And you should see the machinery on which we manufacture these can bodies, more than 500 to the minute, or nearly 10 a second. A can body that is a thousandth of an inch off-size, will stop the whole line automatically.
We make, all told, some 20,000 kinds and sizes of metal containers, and it is our business to deliver them from over 50 factories, in the right amounts and at the exact time the canner needs them.
The American Can Company was founded in 1901, the first year of the 20th century.
Our company was only one of hundreads of new industrial promotions. How ambititious they were is shown by some of the names given them. At least thirty companies, including ours, were formed with the first name “American.” There were half a dozen “Internationals” and “Nationals” and a dozen “Uniteds,” including Untied States Steel.
Many of these promotions were intended to bring together as many competitors as possible.
Our company was no exception. Into it was put at least 90 percent of the Nation’s can-making capacity, and most of those were sold out signed agreements not to go back into can-making for 15 years, within 3,000 miles of Chicago.

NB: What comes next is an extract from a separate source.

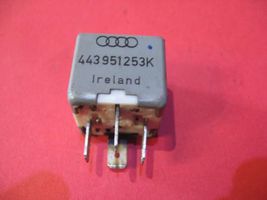 Audi 80 90 B2 Autres relais 141951253K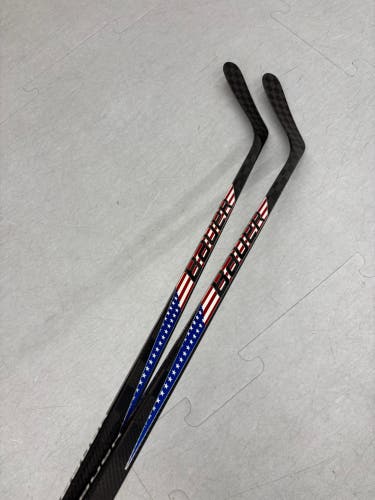 2 Pack Intermediate Bauer Custom Hockey Stick Left Hand P92 50 Flex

Distance from can plant to cannery is of great importance. Empty cans are expensive to ship as they are mostly air.
1908 – The novelty of the “sanitary can” was that the entire top was put on in one piece after the can was filled.
The new method of seaming-on the ends made possible by highly automatic manufacture of the cans, as well as more convenience in filling.
The sanitary can was a milestone in metal-container history. But in late 1913 the U.S. Attorney General filed suit against the American Can Company under the Sherman Antitrust Act, and asked that the Company be broken up. The government lawyers argued that the company had been formed to create a monopoly, and was still trying to do so.
In February, 1916, Federal Judge Rose, at Baltimore, handed down his decision. He agreed with the government lawyers on the first charge, but not on the second. He found that the Company had been, as he put it, “conceived in the sin of defying the Antitrust law.” But he also found that “for some time before 1913 (it) had done nothing of which any competitior or any consumer of cans complains, or anything which strikes a disinterested outsider as unfair or unethical.”
Introduced the “Mira Can” in 1953 which was the metal can for soft drinks. The future depends on the consumer’s willingness to pay for the convenience of the no non-returnable container.
In 1958 we started making the first aluminum cans ever to be produced in commercial quantities in this Country. They were for motor oil.
But there is no law that holds us to making metal containers. We went into paper containers 40 years ago, and we’ve been studying other kinds of containers ever since.
Thus, the present form product divisions of the American Can Company and are all leaders in their fields – Bradley-Sun, in metal and plastic squeeze tubes; Canco in metal, paper milk, and composite containers; Dixie Cup (a household word); and Marathon in paper-making and converting for packaging and household tissues.
Our products are opened today and thrown away tomorrow. Our most cherished achievements have been unknown and all but invisible to the consumer. Yet they rank with the telephone, the automobile, and the electric light in the revolutionary effects they have had on modern living.